Münchhausen und die Moschee

Foto: Frank Bürger / Babelsberg

Berlin. Der Weg von Babelsberg nach Schwetzingen ist kein weiter, auch wenn es um die Moschee geht.

Von Frank Bürger

Über den verstorbenen Dekan i. R. Werner Schellenberg entwickelte sich vor der Wende die Partnerschaft zwischen den Posaunenchören Schwetzingen und Babelsberg. Faszinierend ist es in die Filmwelt der Babelsberger Filmstudios vorzudringen. Vieles sind ungeschriebene Bücher. Gerade sitze ich, wenn ich das schreibe, vor der Kurfürstenstube des Schlossgartens.

Doch der Film „Münchhausen“ führt zu zwei Punkten. Es sind zwei wichtige Szenen, die von Erich Kästner inszeniert wurden und für Schwetzingen Bedeutung hatten: das ist der Ritt auf der Kanonenkugel und die Begegnung mit Casanova in Venedig.

Wir rollen die Sache von hinten auf und verweisen unter anderem auf einen Artikel von Michael Marek vom März 2025.

„November 1942: Die alliierten Truppen landen in Nordafrika und eröffnen eine zweite Front gegen Nazi-Deutschland. Am 2. Februar 1943 kapituliert die sechste Armee des Generalfeldmarschalls Paulus vor Stalingrad. Während die Rote Armee vorrückt, forciert die SS die Vernichtung der europäischen Juden. In Deutschland spielt sich das Leben mehr und mehr unter der Erde ab, in Bunkern und Luftschutzkellern. Doch die nationalsozialistische Propagandamaschine läuft weiterhin auf Hochtouren…Am 5. März 1943 feierte eines der ehrgeizigsten und aufwendigsten Filmprojekte der NS-Zeit Premiere: »Münchhausen«. Ganz im Stil US-amerikanischer Hollywood-Komödien erzählt der Film die fantastischen Abenteuer des Lügenbarons aus Bodenwerder.“

Zurück geht der Film auf Gottfried August Bürger.

Aus dem Englischen übersetzte er 1786 ins Deutsche zurück. und um einige neue Münchhausiaden erweiterte: „Die wunderbaren Reisen zu Wasser und zu Lande – Feldzüge und lustige Abenteuer des Freiherrn von Münchhausen, wie er dieselben bei der Flasche im Zirkel seiner Freunde zu erzählen pflegte“. Bürgers Buch wurde zur Grundlage aller Nacherzählungen – auch für den Münchhausen-Film.

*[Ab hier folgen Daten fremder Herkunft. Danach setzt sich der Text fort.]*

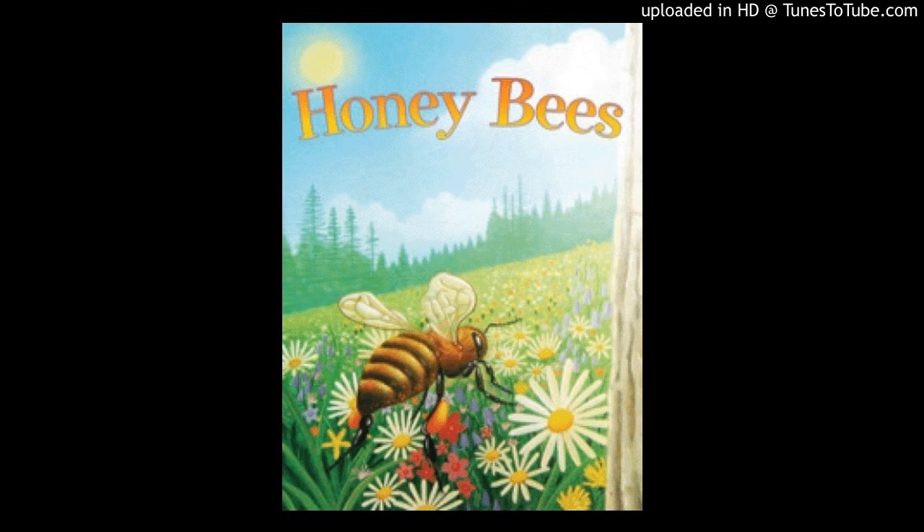Worker bees also get pollen from flowers. Worker bees feed pollen to the queen bee and the little bees. It helps them grow big.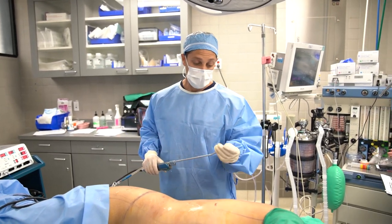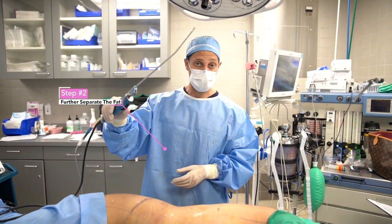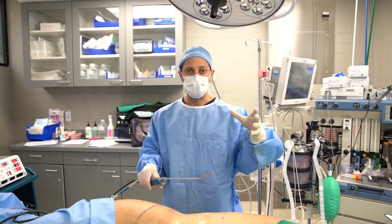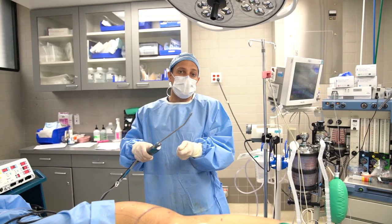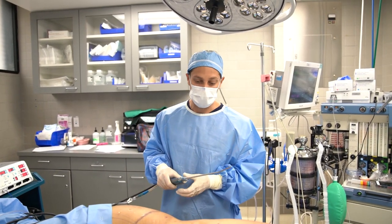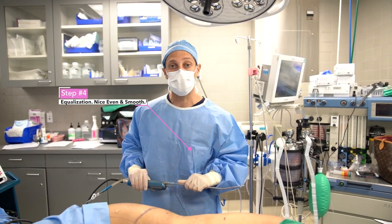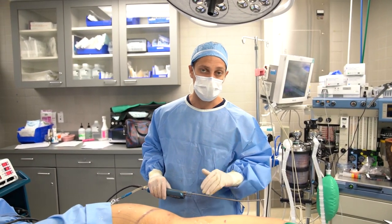Step 1 is SST. Step 2 is to go back and further separate the fat — you want to get the fat separated from all the adjacent structures because that allows it to be taken out very easily and smoothly. The third step is to actually remove it, and the fourth step, equalization, is to make sure everything looks nice, even, and smooth.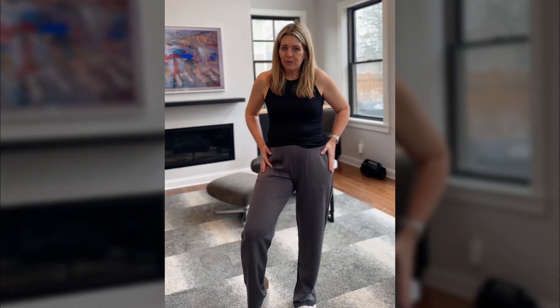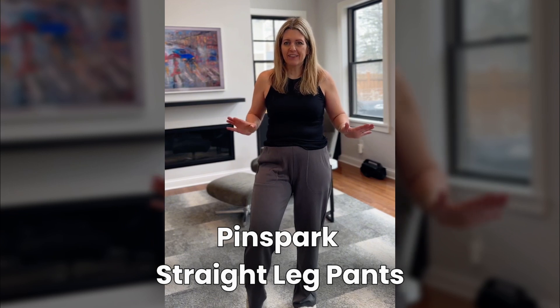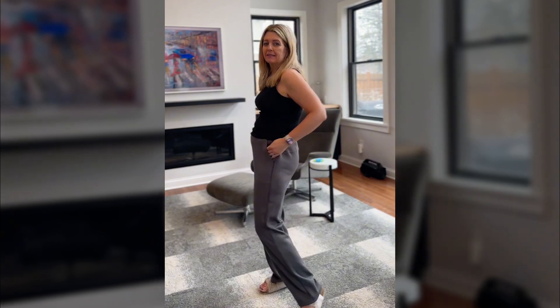Since I've gotten these pants, I don't want to take them off. These were sent to me from Pinspark and they're everything I could want in comfy pants.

„Die Ballonfahrt zum Mond, Cagliostros Ring, der Münchhausen unsichtbar zu machen vermag und nicht zuletzt Münchhausens berühmter Ritt auf der Kanonenkugel, von der Hans Albers in der Rolle des Lügenbarons ins Publikum grüßt – die Filmversion von 1943 präsentierte eine opulente und exotisch anmutende Märchenwelt, die ihre Kinopremiere im größten Kino Deutschlands feierte: dem Berliner Ufa-Palast am Zoo. Das Drehbuch stammt aus der Feder des Journalisten, Lyrikers, Kinderbuchautors und Romanciers Erich Kästner. »Er war ein sehr medienaffiner Autor für seine Zeit«, sagt der Münchner Literaturwissenschaftler Sven Hanuschek und betont Kästners Interesse »an neuen Formen und Medien … Obwohl der Schriftsteller mit einem Schreibverbot belegt wurde und der Gestapo als »Kulturbolschewist übelster Sorte« galt, durfte er das Drehbuch zu »Münchhausen« verfassen. In Absprache mit Goebbels erteilte Reichsfilmintendant Fritz Hippler im Juli 1942 eine mündliche Sondergenehmigung. Allerdings konnte Kästner nur unter dem Pseudonym Berthold Bürger schreiben. Das war kein Zufall und entsprach durchaus der nationalsozialistischen Kulturpolitik: Öffentlich geächtete Autoren, die nicht vor dem NS-Regime ins Ausland geflohen waren und über ein gewisses Ansehen verfügten, genossen eine Reihe von Privilegien. So auch Erich Kästner, dessen gesellschaftskritische Satiren und Gedichte vor 1933 vor allem im Feuilleton der »Vossischen Zeitung« und in Carl von Ossietzkys »Weltbühne« gefragt waren. Auch deshalb wurden am 10. Mai 1933 Kästners Bücher auf dem Berliner Opernplatz verbrannt. 1934 verhaftete ihn die Gestapo und ließ ihn kurz darauf wieder frei; 1937 wurde Kästner erneut verhaftet und wieder entlassen…Bei seiner Premiere am 5. März 1943 im Berliner Ufa-Palast hatte »Münchhausen« einen Riesenerfolg und spielte in den folgenden Wochen weit über 25 Millionen Reichsmark ein. Doch im Abspann des Films fehlte der Name des Drehbuchautors: Berthold Bürger alias Erich Kästner hatte erneut Schreibverbot. Als Hitler erfahren habe, bei wem es sich um Berthold Bürger handelte, habe er einen »Wutanfall bekommen und das Totalverbot ausgesprochen«. Von diesem Führerbefehl, sagt Hanuschek, gab es mehrere Schreibmaschinendurchschläge. »Kästner hatte einen davon in einem Holzrähmchen bei sich im Wohnzimmer in den 1950er Jahren an der Wand hängen.“

Das unterstreicht die fehlende Geradlinigkeit in der von Göbbels gesteuerten Kulturpolitik.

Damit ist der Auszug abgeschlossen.